The problem.
Restate the entries below in full, exactly as they read, but without pictures.
*** Supplied records ***
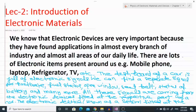There are lots of electronic items present around us, for example mobile phones, laptops, refrigerators, TV, etc. Even in vehicles we can see there are lots of electronic devices. For example, we can see the dashboard of a car is full of electronic signals — a separate signal for handbrake, for fuel status, for open window, seat belt, status of battery and many more.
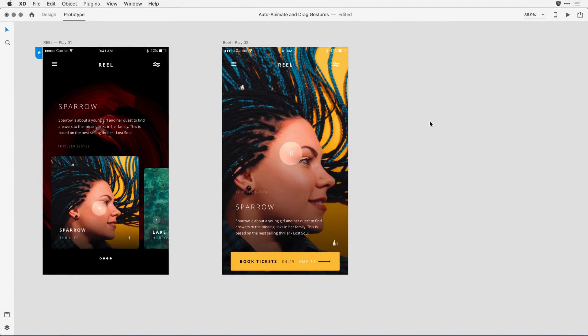AutoAnimate in XD is an incredible feature that allows you to animate individual objects across artboards, creating more robust interactions and transitions in your XD prototypes than ever before.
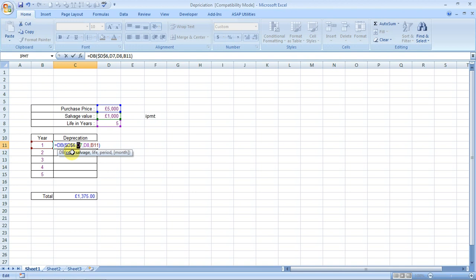Then you have to fix the life, but we will not like to fix the period because we want it to move. We want it to be variable.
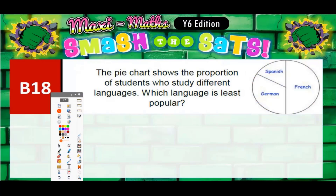B18. The pie chart shows the proportion of students who study different languages. Which language is least popular? This is a very simple question. Least popular just means the smallest section on the pie, and you can visually see that it's going to be Spanish.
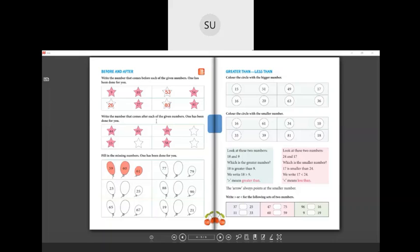Next, write the numbers that come after each given number. 65 comes after 64 — that example is done. After 29 is 30. After 15 is 16. After 58 is 59. That covers the before and after exercises.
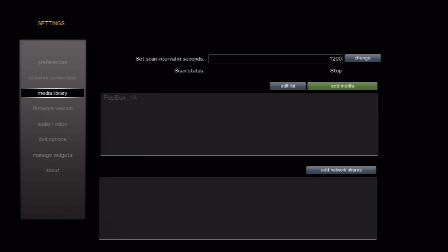The next section of this screen is the media library directories. When we use the term media library, we're talking about all your content that you have allowed the box to scan and download information for. If you don't add the directories to this box, they will not show up in the movies, TV shows, home movies, music, or photos categories.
*** End of Supplied records ***
Exercise solution.
There are lots of electronic items present around us, for example mobile phones, laptops, refrigerators, TV, etc. Even in vehicles we can see there are lots of electronic devices. For example, we can see the dashboard of a car is full of electronic signals — a separate signal for handbrake, for fuel status, for open window, seat belt, status of battery and many more.
AutoAnimate in XD is an incredible feature that allows you to animate individual objects across artboards, creating more robust interactions and transitions in your XD prototypes than ever before.
Then you have to fix the life, but we will not like to fix the period because we want it to move. We want it to be variable.
B18. The pie chart shows the proportion of students who study different languages. Which language is least popular? This is a very simple question. Least popular just means the smallest section on the pie, and you can visually see that it's going to be Spanish.
Next, write the numbers that come after each given number. 65 comes after 64 — that example is done. After 29 is 30. After 15 is 16. After 58 is 59. That covers the before and after exercises.
The next section of this screen is the media library directories. When we use the term media library, we're talking about all your content that you have allowed the box to scan and download information for. If you don't add the directories to this box, they will not show up in the movies, TV shows, home movies, music, or photos categories.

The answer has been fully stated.